High debt "really snuck up on me without me realizing how bad things were getting," said Erire Obano, 40, a songwriter who had to sell her London home this month after she remortgaged her property - twice - to pay her rising debts.

As she fell behind on mortgage payments that rose from $1,200 a month five years ago to $4,000 a month today, "I was living off credit cards there for a while and it wasn't a good thing," she said. "The debts just grew like crazy."

Today, British consumers owe $2.7 trillion on credit cards, mortgages, and other consumer loans - more than the value of all the goods and services produced by its economy in a year, according to accountancy firm Grant Thornton.

"Personal debt exceeding Britain's GDP is a worrying milestone in our buy-now-and-pay-later culture," said Martin Bamford, a personal finance adviser and author in Surrey, England.

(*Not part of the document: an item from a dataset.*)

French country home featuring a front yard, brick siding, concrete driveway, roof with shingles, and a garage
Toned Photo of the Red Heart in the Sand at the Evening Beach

Indeed, personal debt in Britain is growing by $1 million every two minutes, according to www.creditaction.org.uk, a nonprofit financial education group.

The average household now owes an amount equal to 166 percent of its annual disposable income, 30 percent higher than in the United States.

Debt worries were not very evident here over the past decade of economic euphoria. As home prices tripled, with the average house price recently smashing through the $600,000 mark in London, owners borrowed against that value to fuel consumer spending. Investment rolled in as the city prepared to host the 2012 Summer Olympics, and $2 million bonuses were handed out in the booming financial sector.

Then the collapse of the subprime mortgage market in the U.S. sent ripples around the world.

When Britain's fifth-largest mortgage lender, Northern Rock bank, asked the Bank of England for emergency funding, panicked customers lined up outside branches to withdraw their funds.

"It's been a rocky week for Britain's retail banks and their customers," said James Edsberg, a partner in the retail strategy firm Lighthouse Global. "The Northern Rock bank has been the first to suffer from the impact of the global credit crunch on this side of the Atlantic."

Evidence mounts that homeowners are starting to buckle under the squeeze of the central bank's five consecutive interest-rate increases, to 5.75 percent, in the past year.

The number of people declaring bankruptcy soared 28 percent in the year ending this June, while the number of home repossessions zoomed 30 percent.

Sean Gardner, chief executive of financial Web site www.MoneyExpert.com, said the effects of the interest rate increases are just beginning to bite.

"Some people have inevitably been pushed over the edge with bankruptcy or insolvency, an increasingly common route for many," he said. "But that's the tip of the iceberg really. The statistics hide millions of people whose finances are at the breaking point."

The result has been to cause banks to write off $7.5 billion in debts in the first half of the year.

These write-offs wouldn't be such a worry if the housing market holds up. But if it falters - as many say it already has in some areas - then the write-offs might be the tip of an economic meltdown.

"A combination of further interest rate rises and higher unemployment figures could be an absolute disaster right now," said Bamford, the financial adviser.

Hari Sothinathan, an analyst at Knight Frank real estate agency, said the global tightening of credit could bring more risks into the British mortgage market.

Particularly vulnerable is London, where any downturn in profitability in the financial sector would spark a cooling of the housing market.

"It is likely that there will be a discernible shift towards a lower rate of growth in the second half of 2007," Sothinathan said. "Indicators on sales volumes and market activity have shifted in recent months, with lower sales and mortgage lending recorded on a year-on-year basis."

Some financial experts are more sanguine about the future.

"The situation is increasingly difficult for many people, especially now that credit is becoming more expensive and harder to get," said Peter Spencer, an economics professor at the University of York.

"However I don't think the problem is as serious as in the early 1990s when rising unemployment and falling house prices pushed thousands over the edge," he said. "The labor and housing markets are much stronger now than they were then."